The ARM processor will periodically interrupt the current Java thread, store register values and switch to another thread. This context switch is quite efficient, however there are ways your code may be forcing this to occur more often and thus decreasing overall throughput. Things to watch out for include:

  • If you are using more than 5 or 6 threads, you probably have an architectural flaw and should re-design your MIDlet to be more appropriate for mobile device with limited resources. A Series 40 phone supports many more threads, but designs using so many threads with the associated context switching overhead are suboptimal for a mobile application.

  • Avoid using Thread.sleep() statements to slow one activity down. There are places where this is appropriate, but you are also forcing a context switch to another thread each time you sleep, and this can quickly add up. Synchronisation with wait() and notifyAll() are often more elegant solutions to event-driven architectures and result in noticeably faster MIDlets.

The theoretical ideal number of threads for a Nokia Series 40 application is based on the CPU and associated hardware which can operate in parallel to complete input-output tasks. The thread count you should use as a guideline is thus:

  1. Screen operations, meaning painters and incoming user events such as keyboard and touch screen events, must be on the phone’s Event Dispatch Thread (EDT) to avoid side-effects. In games with a GameCanvas, it is possible to also provide a separate render thread which takes care of painting, but Canvas and Form user interfaces do all painting on the EDT.

  2. Purely CPU-intensive operations, such as math and application logic, complete most quickly on a single thread. While there is some context switching overhead for having multiple CPU-intensive threads, this is generally not causing any measurable performance penalty and you should do what makes sense for your algorithm. Flash memory operations, loading and storing from the Record Management System (RMS) and memory card. Only one such activity can be active at any given time, so additional threads do not increase and may slightly decrease performance. Note that while flash read operations are about ten times faster than flash write operations, the slow write operation triggered by one thread may significantly slow down the read operation of another thread, so you can not assume that flash read operations will always complete quickly, for example, on the EDT, as this pause would be noticeable.

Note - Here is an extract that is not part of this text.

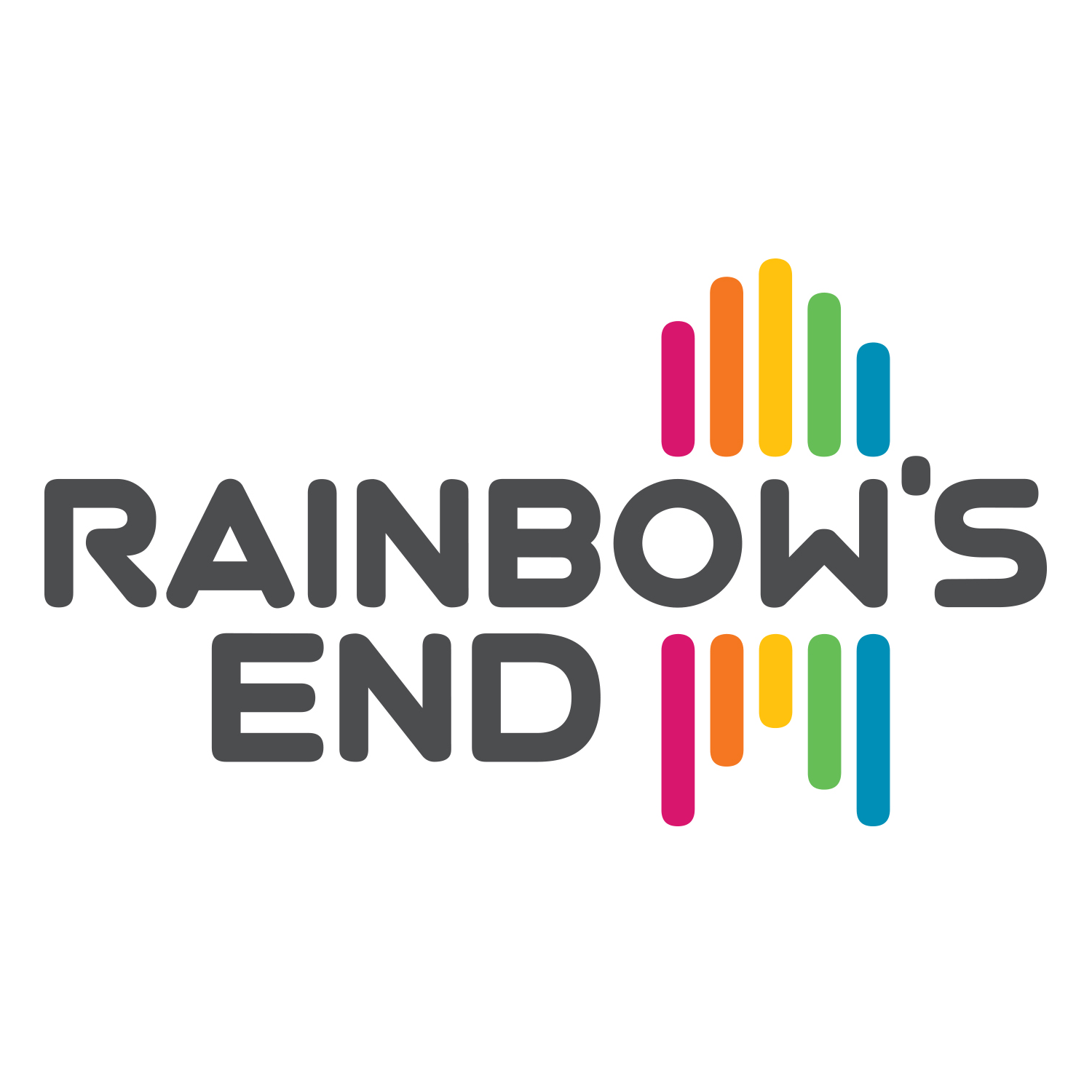 Rainbow Drop Logo - Rainbow's End (theme park)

  3. Network operations, sending and receiving data from web sites. Here there is no strict rule, but around four network operations in parallel will balance excessive resource allocation associated with the network against the long delays of any one network connection waiting for data.

  4. Other IO operations, such as Bluetooth and serial port connections, each deserve their own thread. It is best to have one thread sending and one thread receiving as unlike HTTP which switches between send and receive, these are bidirectional communication channels.

  5. Media players should each have their own thread to smooth over buffering and resource allocation and deallocation delays. Do not reuse media threads, this can have side-effects as there are too many circumstances under which a media thread may be delayed for many seconds.